::: Data excerpt

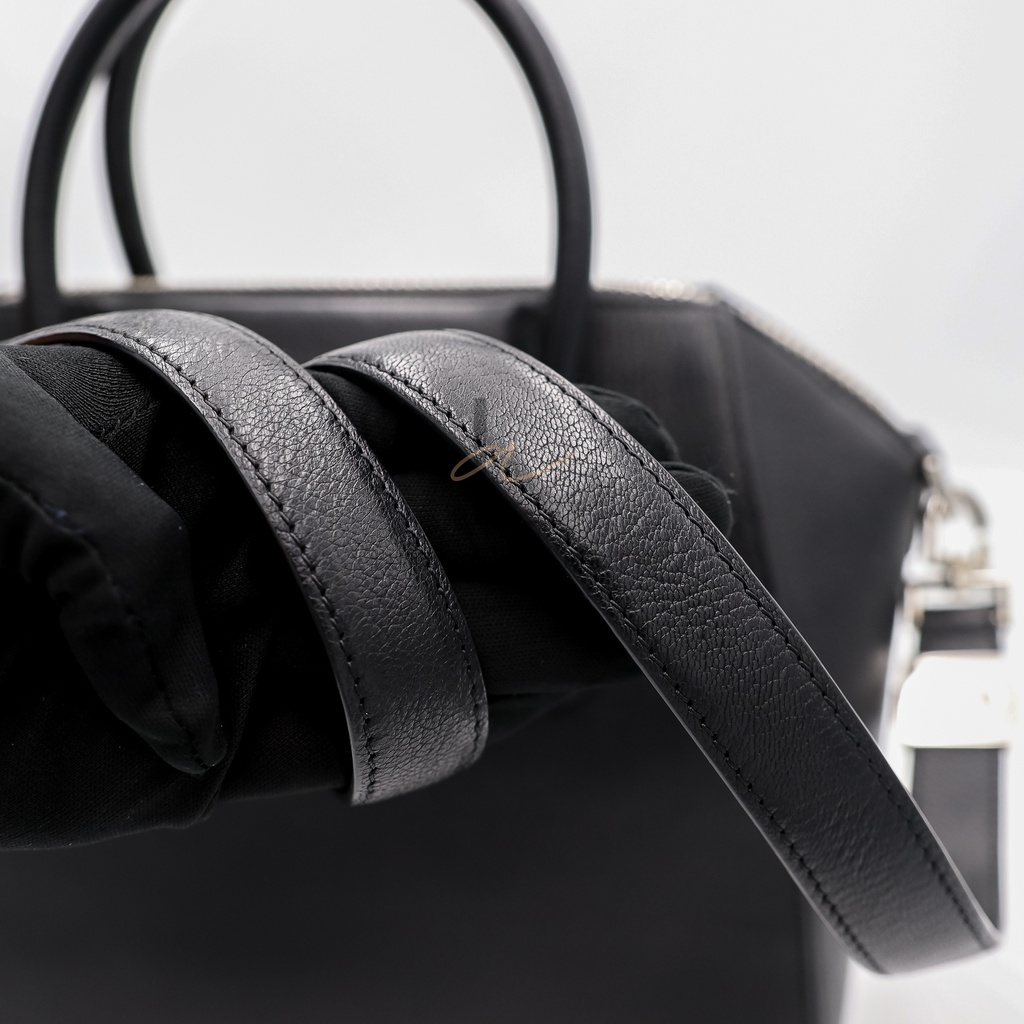 Givenchy Antigona Small Black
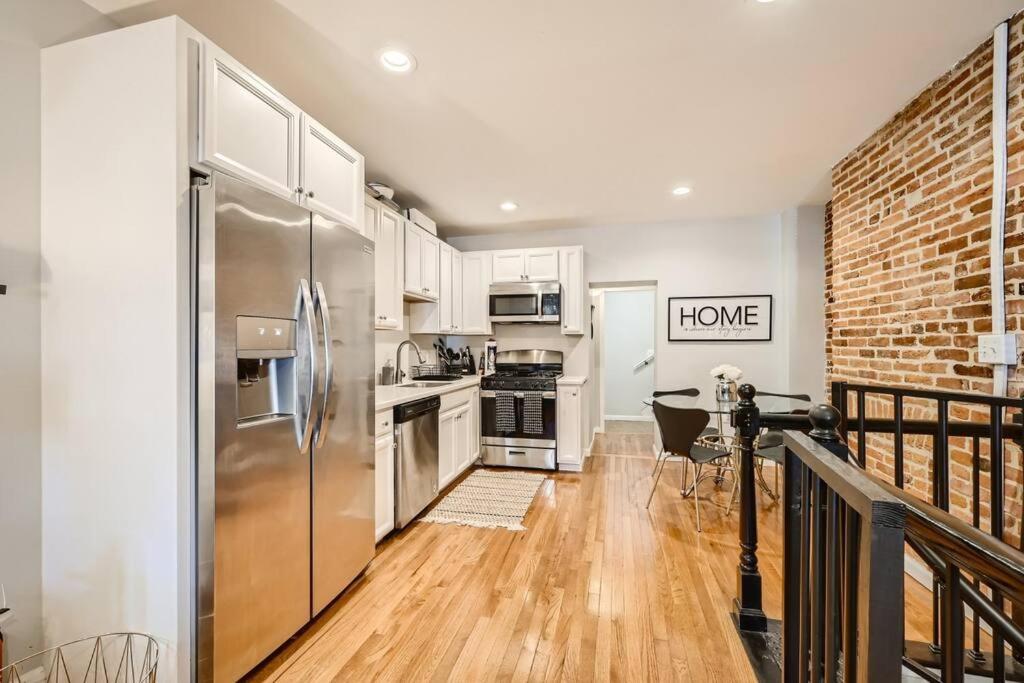 Four-Bedroom House photo 3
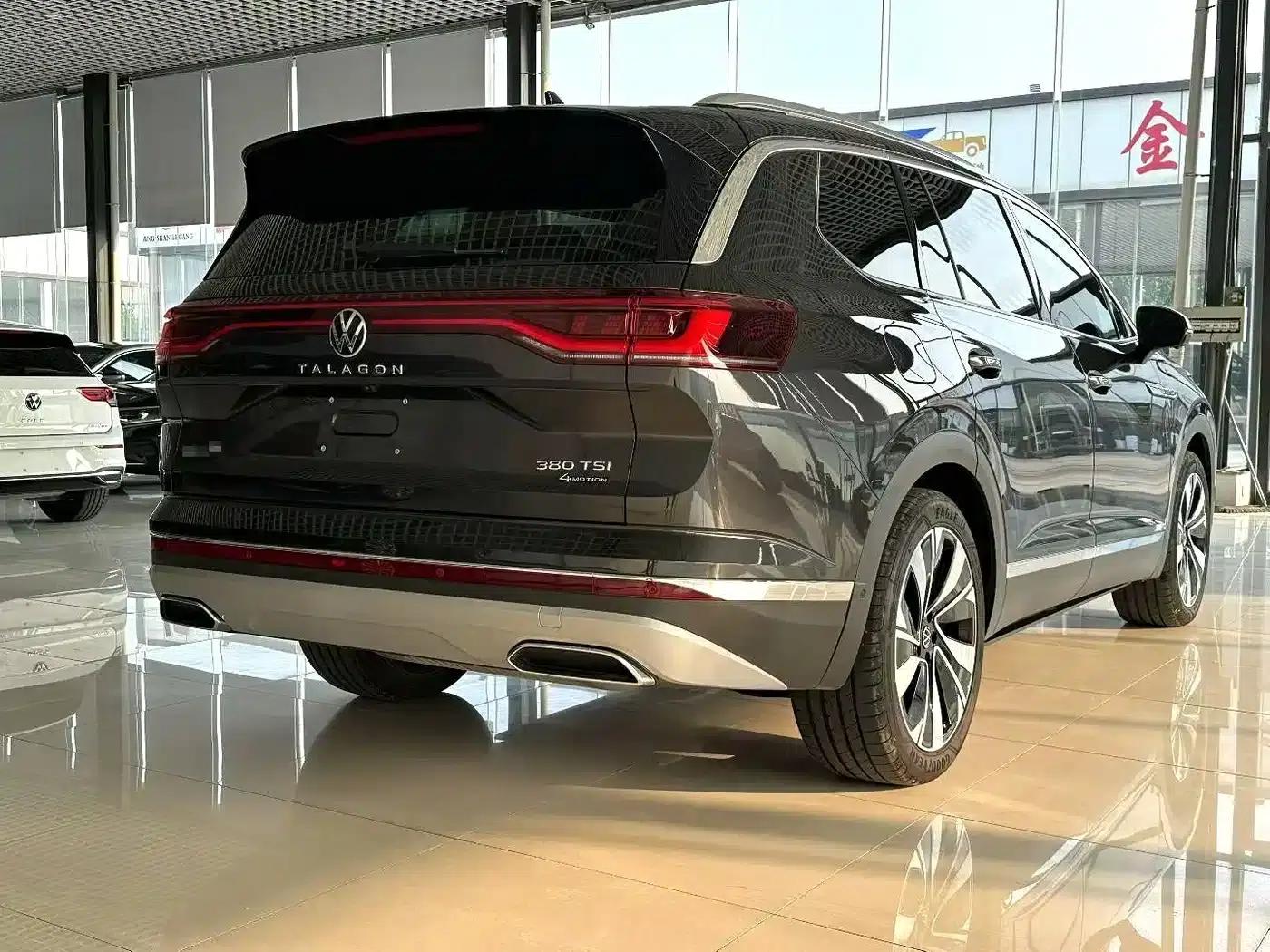 2023 Range Rover 380TSI AWD Luxury Pro 6-seater — миниатюра 3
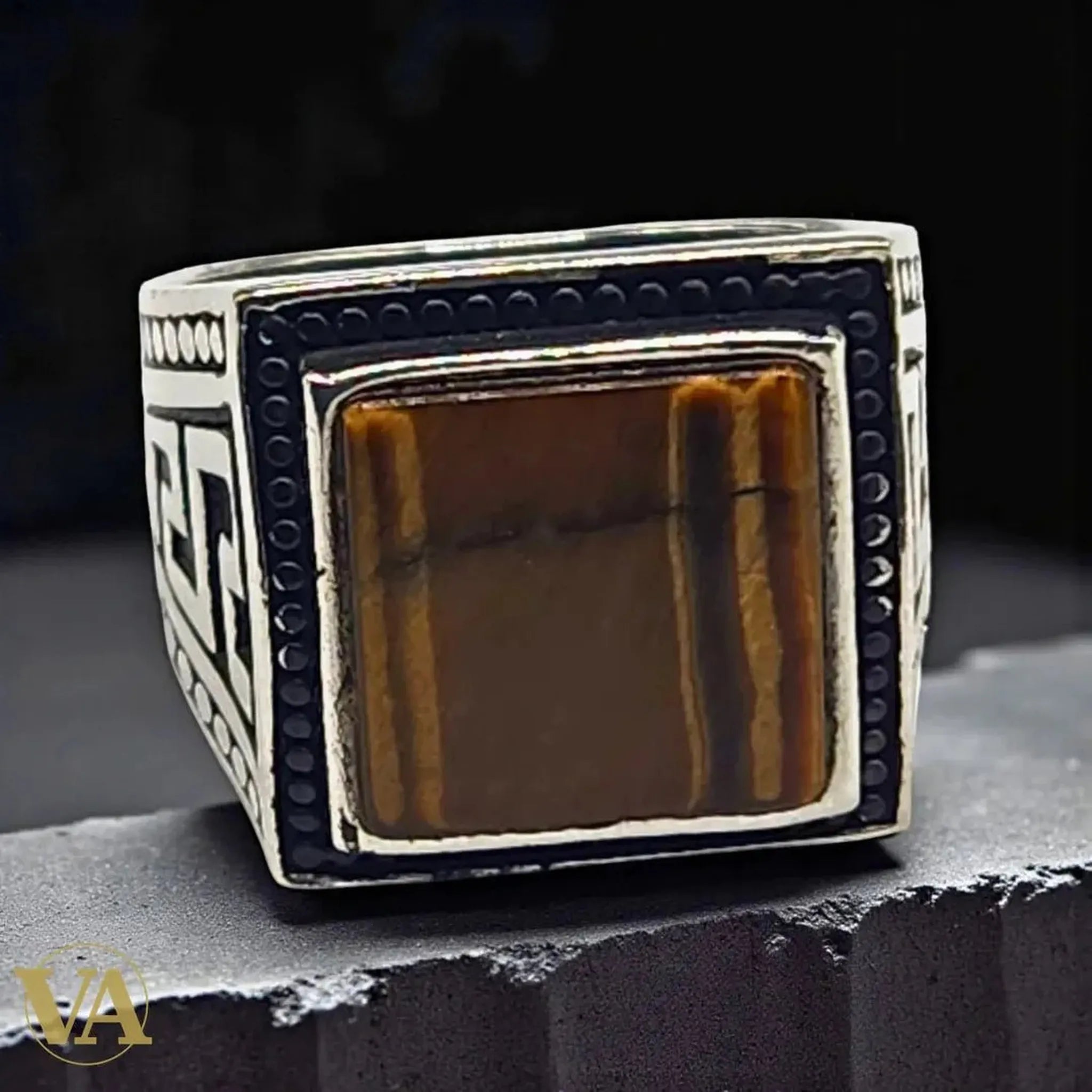Bague Homme en Argent 925 & Œil de Tigre – Design Carré Imposant | Bijoux Vindicta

::::::

Print the data above in full and exactly as it appears, skipping the pictures.

§ Response area:
 Givenchy Antigona Small Black
 Four-Bedroom House photo 3
 2023 Range Rover 380TSI AWD Luxury Pro 6-seater — миниатюра 3
Bague Homme en Argent 925 & Œil de Tigre – Design Carré Imposant | Bijoux Vindicta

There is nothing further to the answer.